EXERCISE BRIEF
When duplicating the records beneath this instruction, omit every picture and keep all else exact.

Records excerpted from a collection
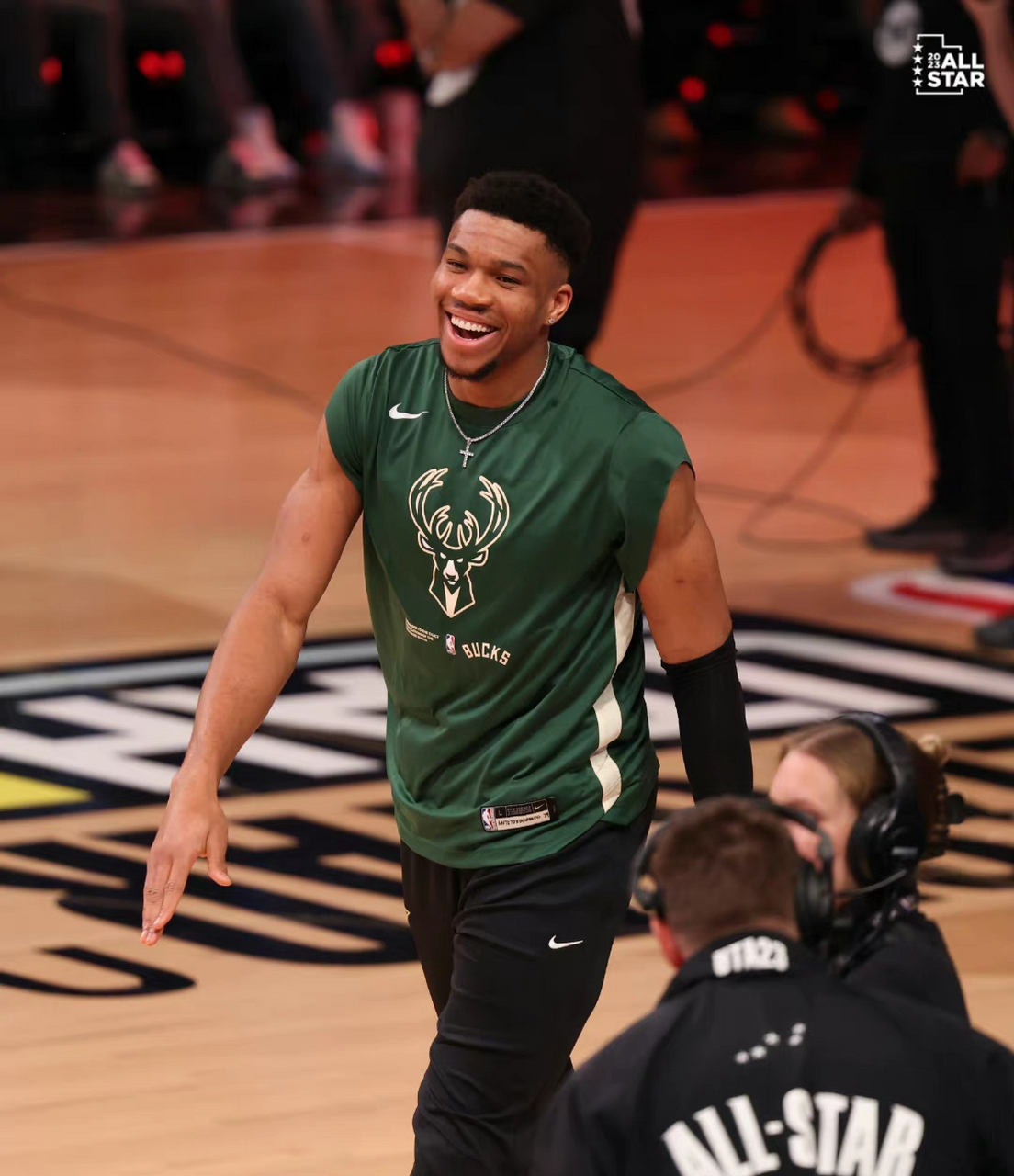 雄鹿胜篮网，字母哥全场双带队取胜的简单介绍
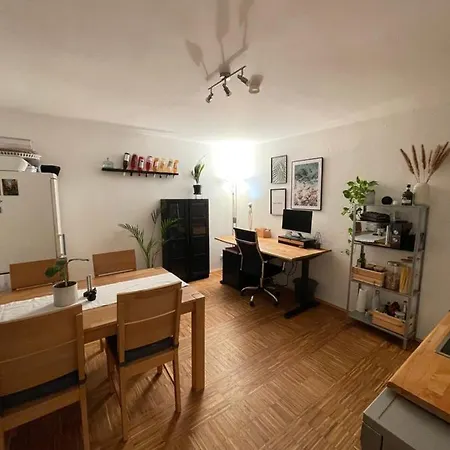 Schnuckliges Hinterhaus /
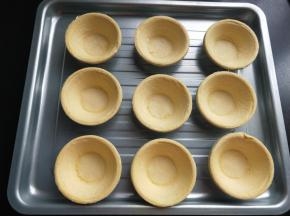 将蛋挞皮放入烤盘。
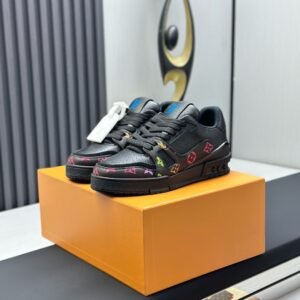 Louis Vuitton Trainer Sneakers Model：0608031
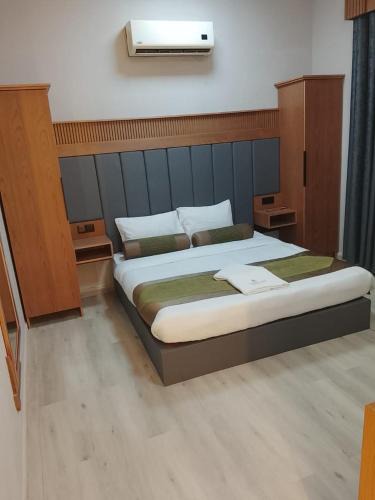 Khor Fakkan Apartment | Coral Bay King Studio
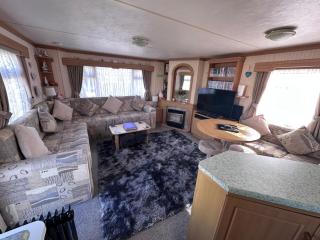 Haven Golden Sands Immaculate 3 Bedroom Pet and Autism Friendly 6 Berth Caravan with Gated Decking - Mablethorpe - 7
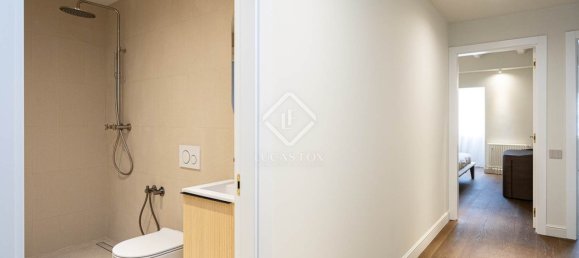 Apartamento de 3 dormitorios en Eixample, Spain No. 42323 21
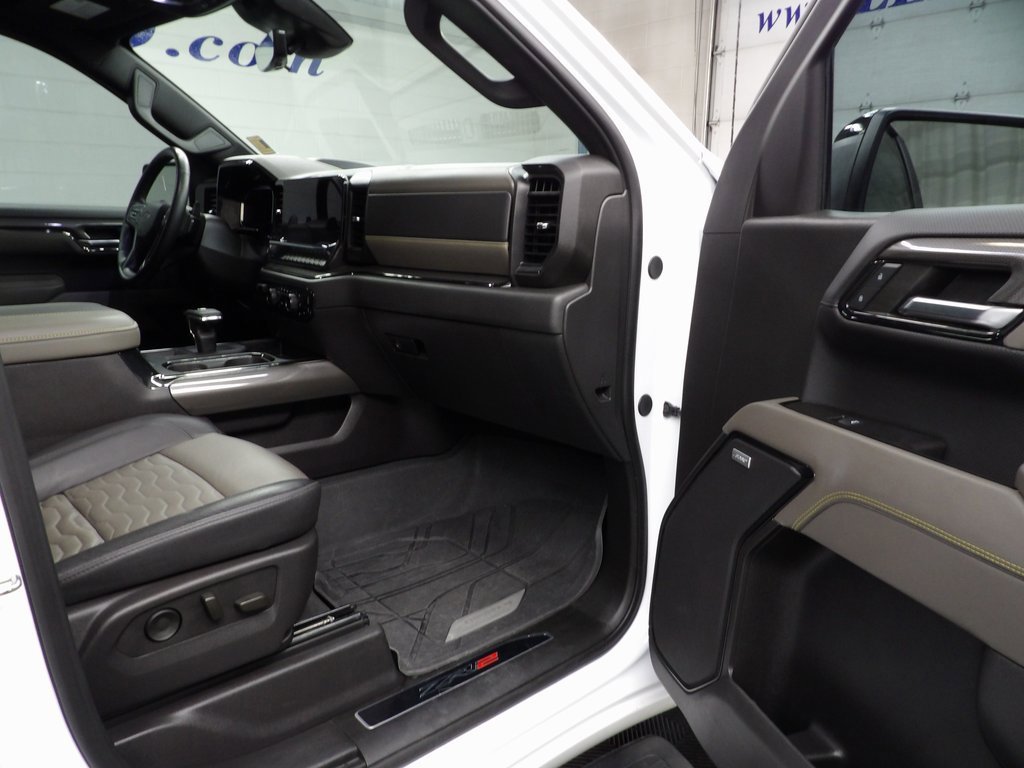 Used 2024 Chevrolet Silverado 1500 ZR2 w/ Technology Package image 25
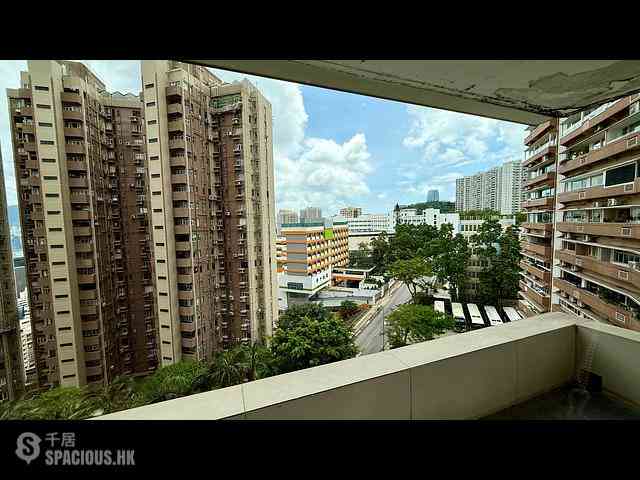 Braemar Hill - Hilltop Mansion Block E-F 03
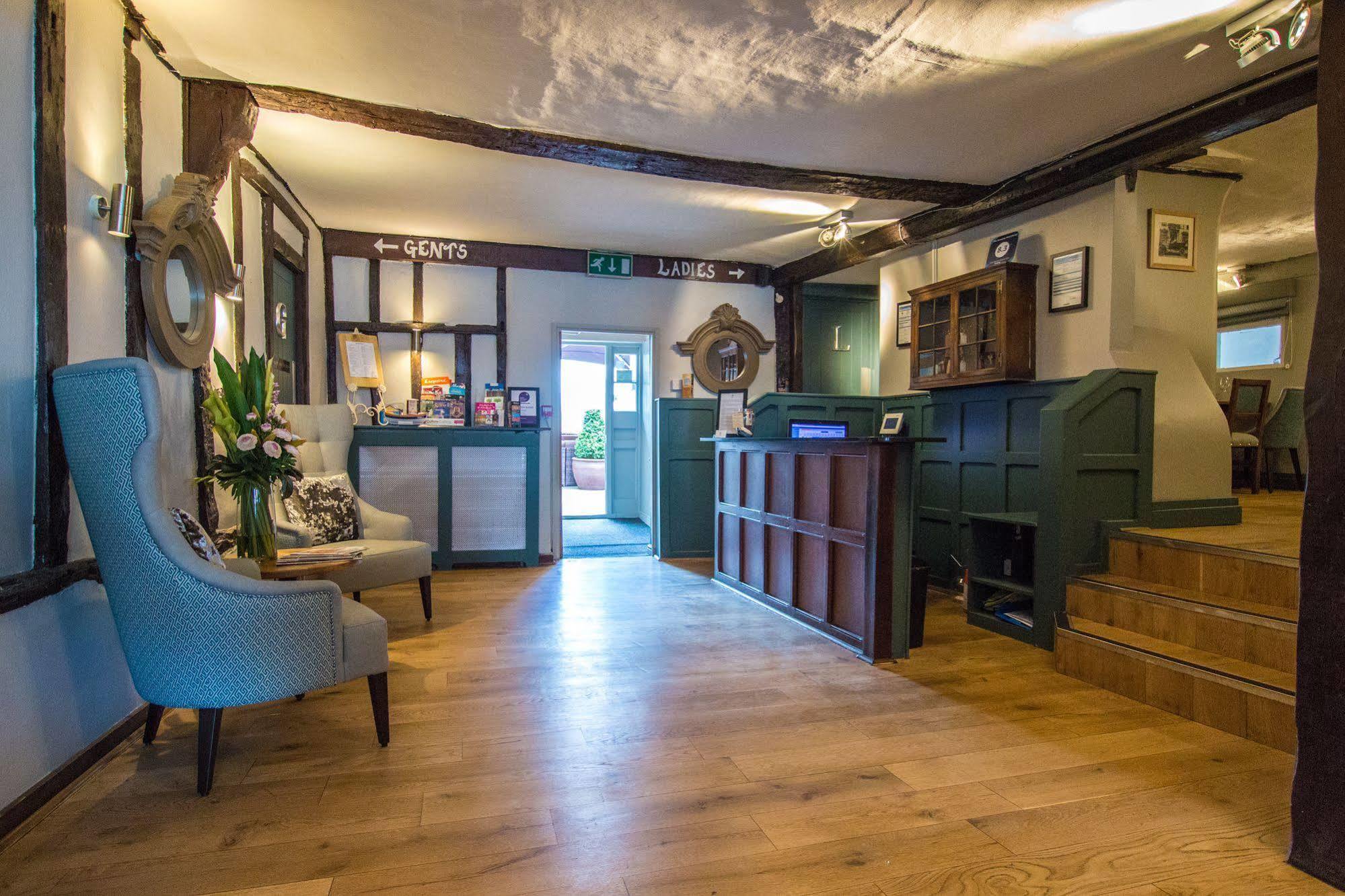 The Saracens Head Hotel Great Dunmow Ngoại thất bức ảnh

RESULT
 雄鹿胜篮网，字母哥全场双带队取胜的简单介绍
 Schnuckliges Hinterhaus /
 将蛋挞皮放入烤盘。
 Louis Vuitton Trainer Sneakers Model：0608031
 Khor Fakkan Apartment | Coral Bay King Studio
 Haven Golden Sands Immaculate 3 Bedroom Pet and Autism Friendly 6 Berth Caravan with Gated Decking - Mablethorpe - 7
 Apartamento de 3 dormitorios en Eixample, Spain No. 42323 21
 Used 2024 Chevrolet Silverado 1500 ZR2 w/ Technology Package image 25
 Braemar Hill - Hilltop Mansion Block E-F 03
 The Saracens Head Hotel Great Dunmow Ngoại thất bức ảnh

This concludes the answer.